Problem statement
Write the data out in full and word for word. Do not include images.

Data segment
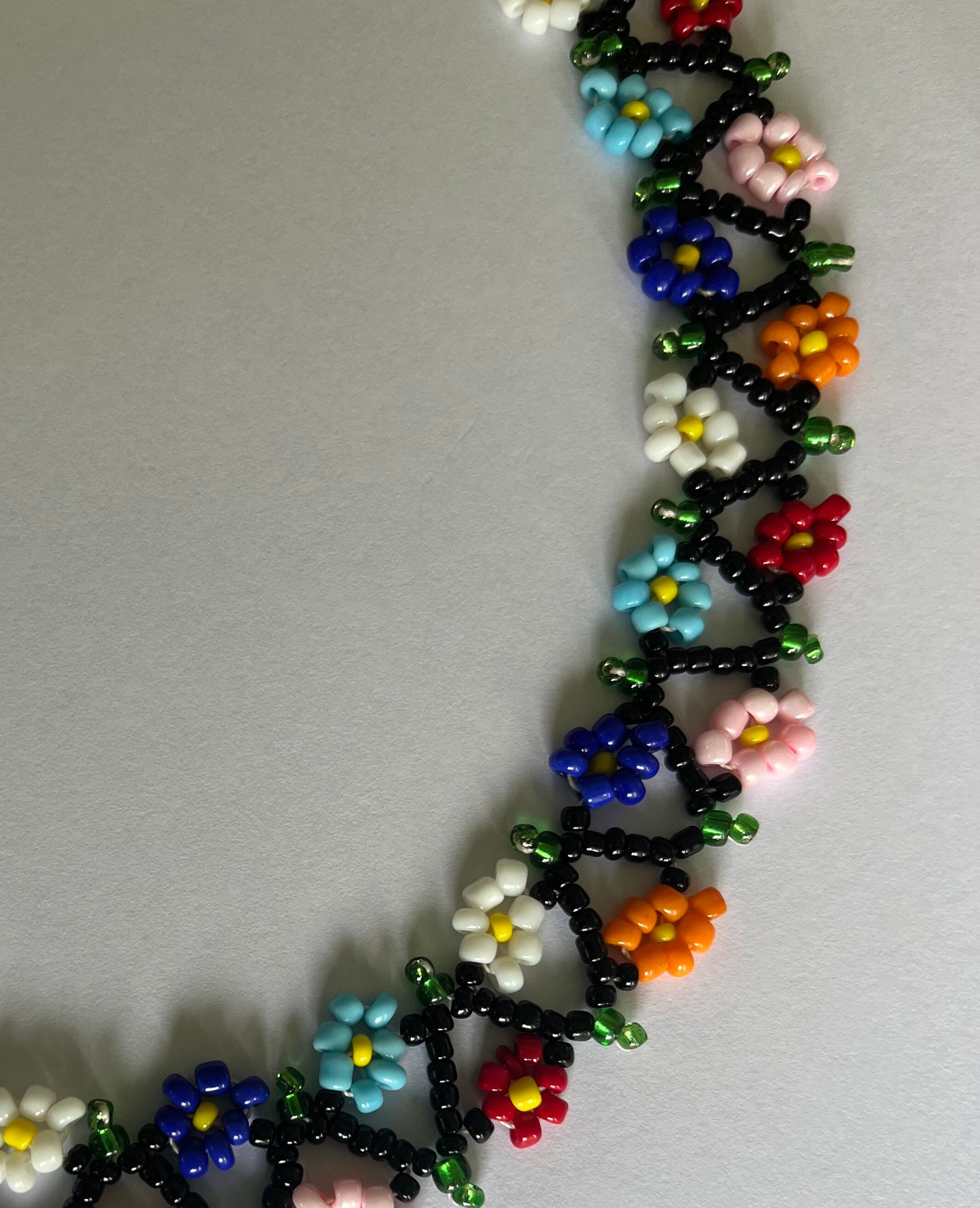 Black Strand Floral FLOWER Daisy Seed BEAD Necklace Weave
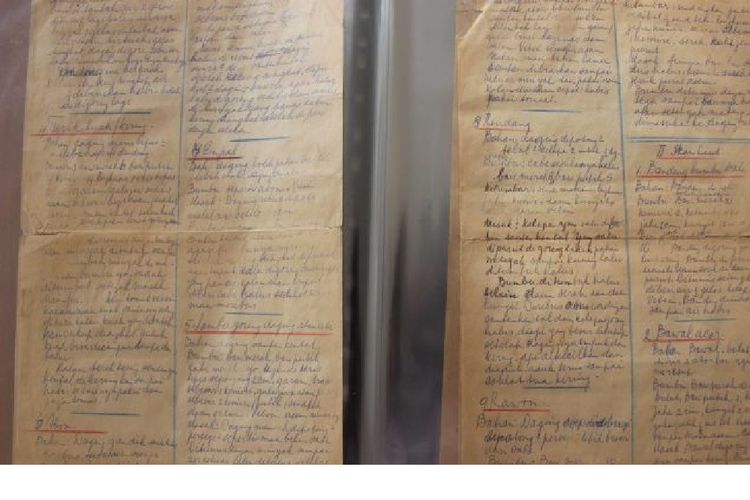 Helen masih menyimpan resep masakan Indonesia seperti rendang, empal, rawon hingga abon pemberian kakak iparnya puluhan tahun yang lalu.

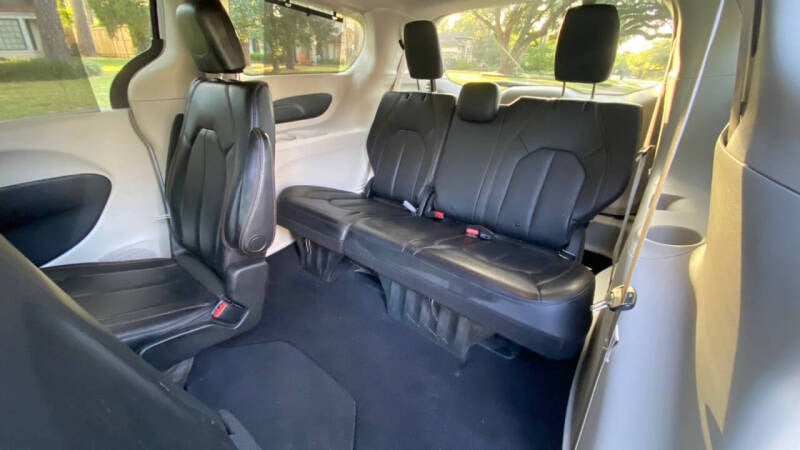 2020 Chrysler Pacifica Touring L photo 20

Written answer
 Black Strand Floral FLOWER Daisy Seed BEAD Necklace Weave
 Helen masih menyimpan resep masakan Indonesia seperti rendang, empal, rawon hingga abon pemberian kakak iparnya puluhan tahun yang lalu.

 2020 Chrysler Pacifica Touring L photo 20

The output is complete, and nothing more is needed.